Range to copy from the entries below: the line containing "Photo of property" through the line containing "Fara Sposa - suknie", inclusive. Retype only those lines, exactly, without any images.

--- EXTRACTED RECORDS ---
+ + + + + + +

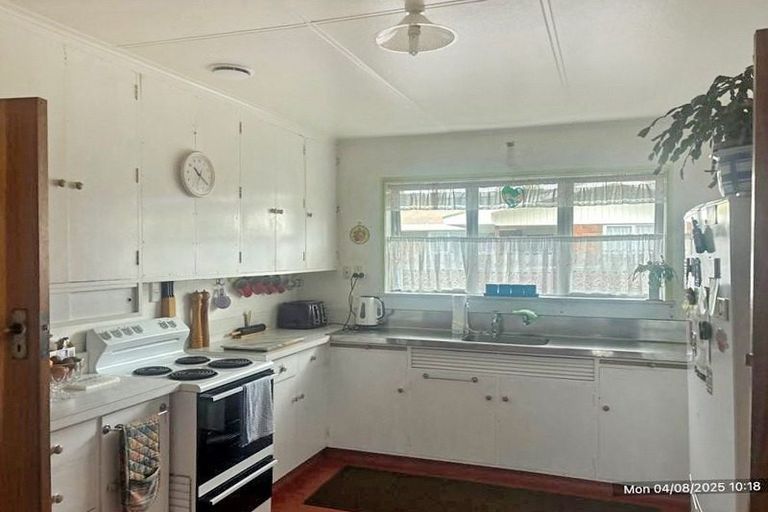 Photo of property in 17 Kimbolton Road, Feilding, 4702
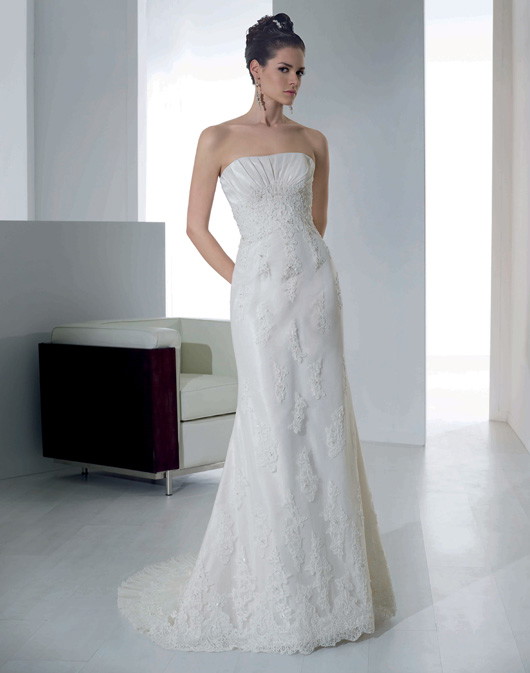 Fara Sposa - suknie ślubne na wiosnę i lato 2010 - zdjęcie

+ + + + + + +

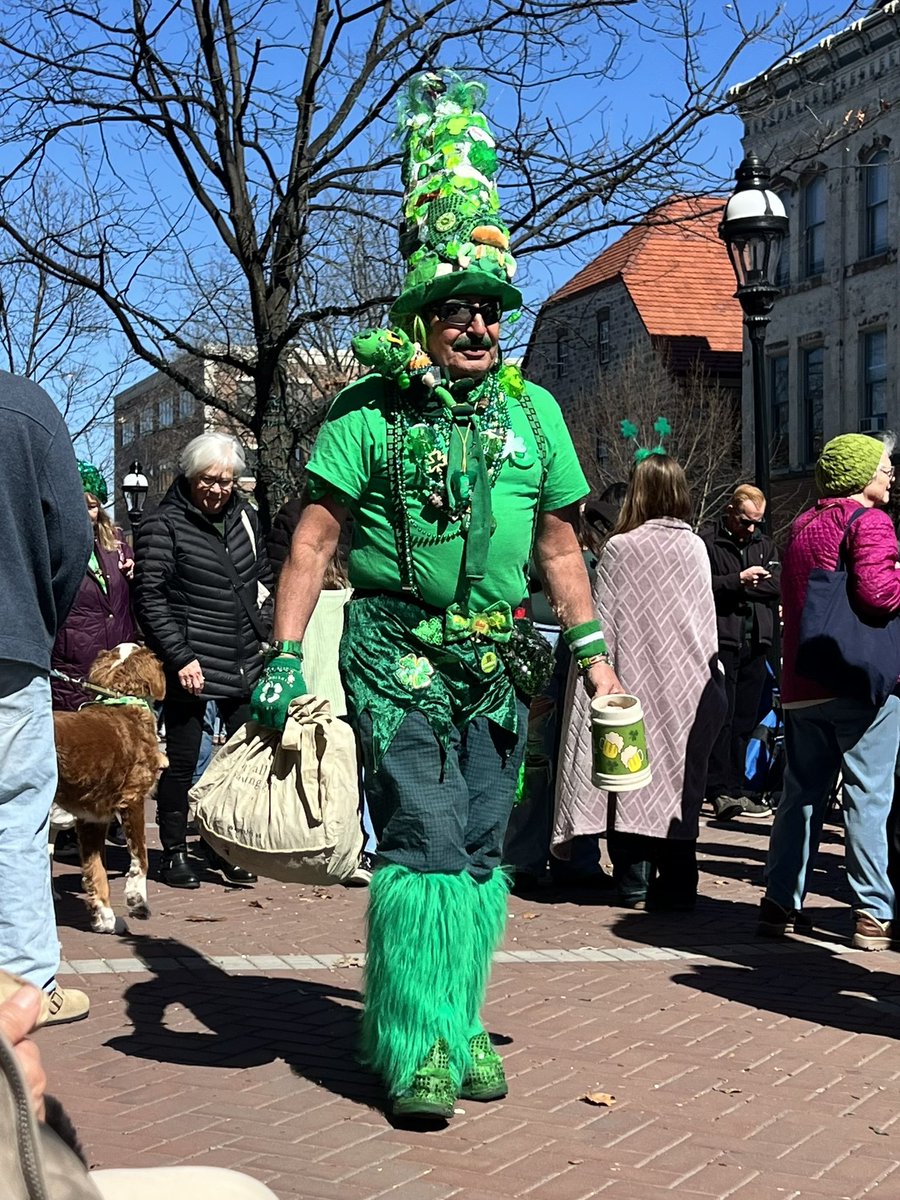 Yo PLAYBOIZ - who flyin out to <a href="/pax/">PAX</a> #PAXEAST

+ + + + + + +

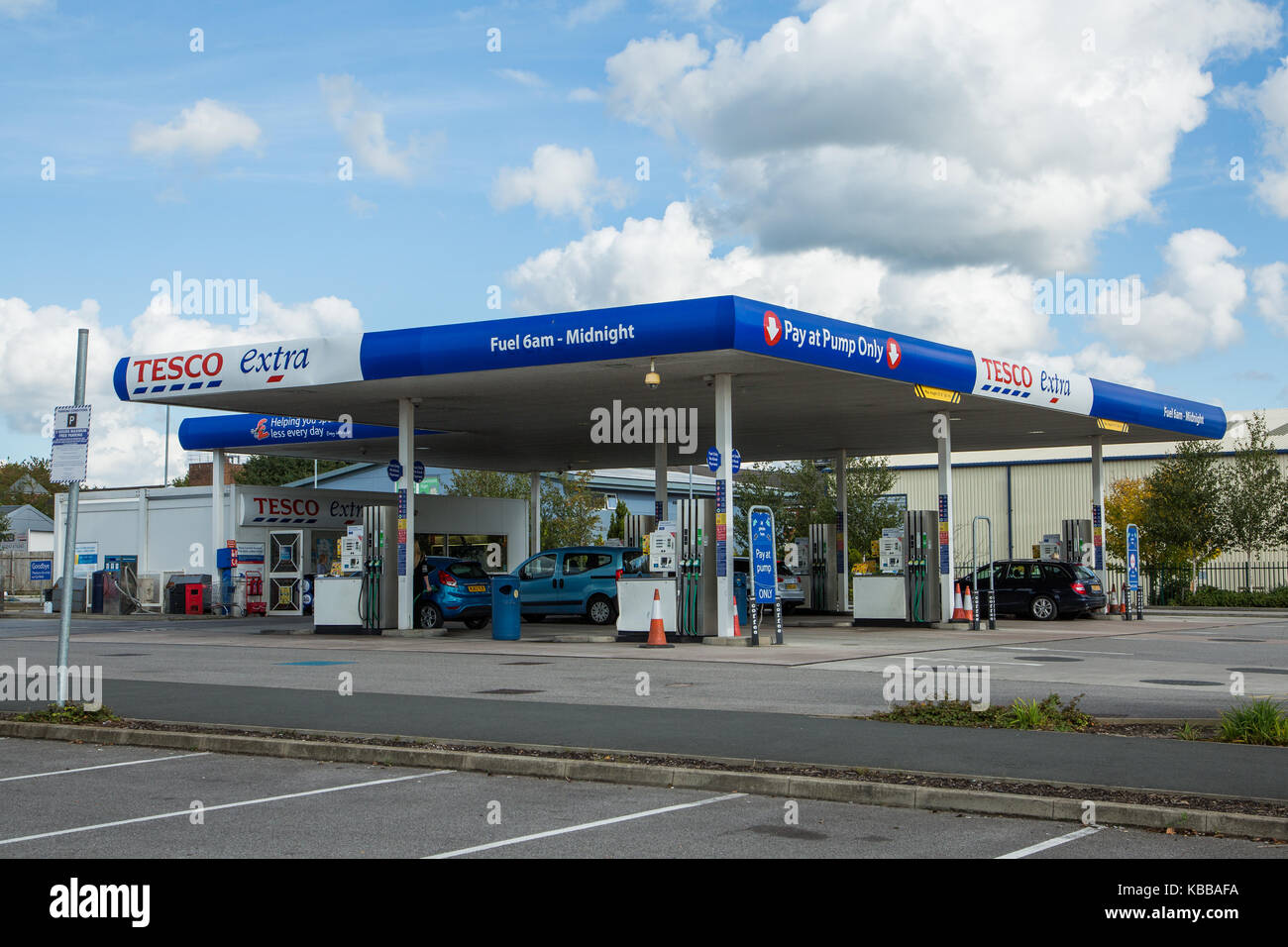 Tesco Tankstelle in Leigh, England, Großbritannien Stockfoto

+ + + + + + +

--- OUTPUT OF THE EXERCISE ---
 Photo of property in 17 Kimbolton Road, Feilding, 4702
 Fara Sposa - suknie ślubne na wiosnę i lato 2010 - zdjęcie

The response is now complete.